Os mulatos afro-lusos, têm um passado histórico bastante atribulado.

Mas o futuro histórico, infelizmente, parece ser pior, pois que estão desaparecendo das terras de nascimento.

Por uma questão simples: Cada vez é mais notória nas ex-colónias, a ideia de que um "higiénico apartheid", era melhor de que uma colonização de "tudo à molhada" à-lá-portuguesa.

Como tal, a mestiçagem é olhada e marcada negativamente, pelos discursos oficiais.

A vida é assim!

Jorge Conceição disse...

Falando apenas de imóveis e não de vivências: é chocante, para olhos europeus, de pessoas que ultrapassaram o patamar das necessidades básicas e se situam já num de observação cultural/artística/histórica/etc., verem a degradação que determinadas referências do seu passado se foram degradando. Eu, claro, também me situo neste patamar de vida. Chocam-me as imagens relativamente recentes (de 2007) que tive a possibilidade de ver do Grande Hotel da Beira, por exemplo ou da Ilha de Moçambique (com degradação, apesar de tudo, de menor grau, embora de maior extensão obviamente). No Grande Hotel da Beira viviam então (e talvez ainda vivam) cerca de 2500 pessoas, em condições pouco diferentes das citadas para o prédio Pott. A quase totalidade das janelas estavam partidas, oferecendo um enorme risco para as crianças que ali coabitam com os adultos. Mas surgem-nos pensamentos, análises, contraditórios. Foi um edifício marcante na idade da Beira que perdeu a sua áurea, se degradou profundamente. Foi um edifício luxuoso, para ocupantes afortunados na vida, que foi destruído. É um edifício que se converteu em albergue de pessoas swem casa. Talvez até fosse a melhor solução transitória para alojar pessoas sem haveres, sem outro tecto. Mas hoje é mesmo um foco anti-sanitário, anti-social. O que talvez tivesse a sua justificação como solução de emergência, passou a ser um problema premente. Mais do que a necessidade de reabilitação do imóvel, passou a existir a necessidade de reabilitação social dos seus ocupantes!

NG disse...

"E, com tudo isto, julgo que percebi esta tarde mais claramente porque me irritei tanto com sofridíssimas narrativas que tanto sucesso tiveram recentemente aqui pelo hemisfério Norte"
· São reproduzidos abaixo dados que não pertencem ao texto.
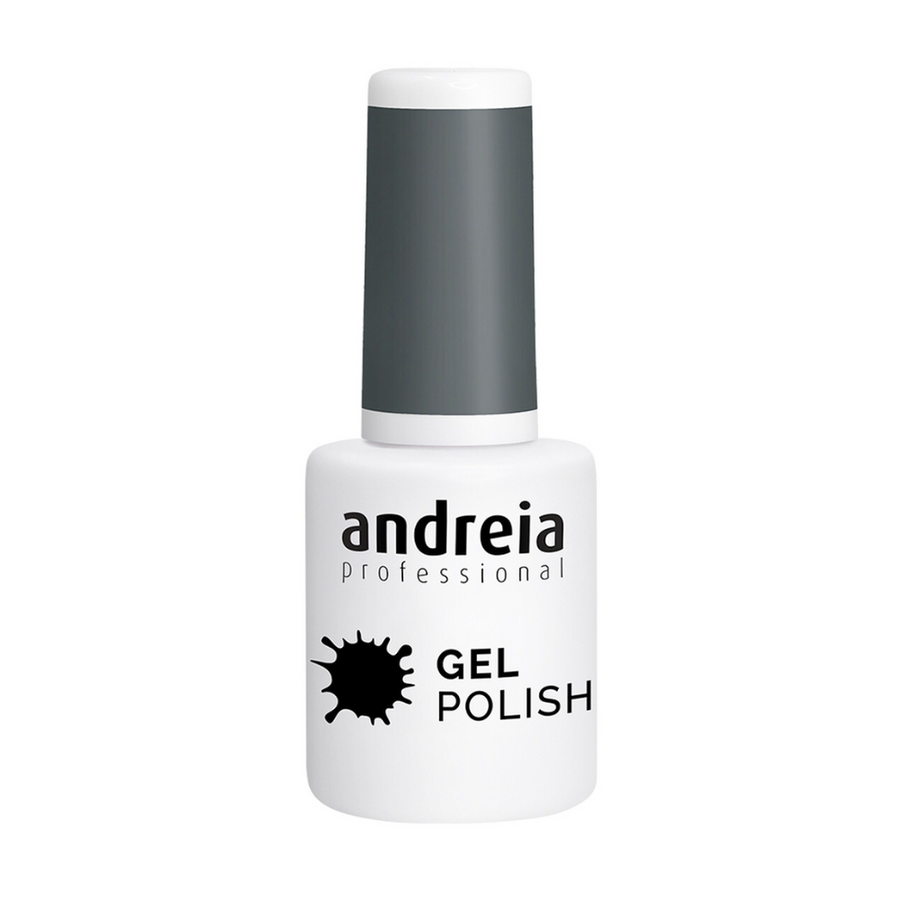 Gel Polish 238 10.5ml - Andreia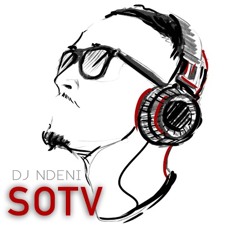 DJ Ndeni [SOTV]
Também fiquei irritado com essas narrativas, Joana. Pela viagem que fiz há algum tempo a Moçambique, pelo género de pessoas que conheço que lá viveram, e pela extensão das prateleiras da biblioteca da minha faculdade ocupadas com livros que registam o interesse pelo conhecimento e a investigação que lá se fazia nos anos 50 a 70, fico sem paciência para clichês simplistas borrados a racismo e exploração indígena.

Joana Lopes disse...

Nuno,
Sem qualquer ironia: fico contente por, pelo menos uma vez, estarmos de acordo... :-)

Anathelion disse...

O predio Pott consegue ser ainda hoje e em ruinas um edificio bonito, em minha opiniao. Nao me parece que propriedade seja privada. Em 1994 colaborei na organizacao de uma exposicao de fotografias nas ruinas do predio e os nossos contactos foram todos feitos com o conselho municipal. E possivel que tenha sido (re)-privatizado (?) depois de 94...

Jorge Conceição disse...

Só uma pequena nota deslocada no tempo: Estou a ler um livro saído há dias "Nacionalistas de Moçambique", de Dalila Mateus e Álvaro Mateus, onde o Prédio Pott é referido pelas reuniões efectuadas no gabinete do advogado Dr. Henrique Baião pelo Movimento dos Jovens Democratas de Moçambique, nos anos 40 do século XX.

Joana Lopes disse...

Obrigada, Jorge, entretanto, também tenho encontrado várias referências ao prédio Pott, ao Brado Africano, etc.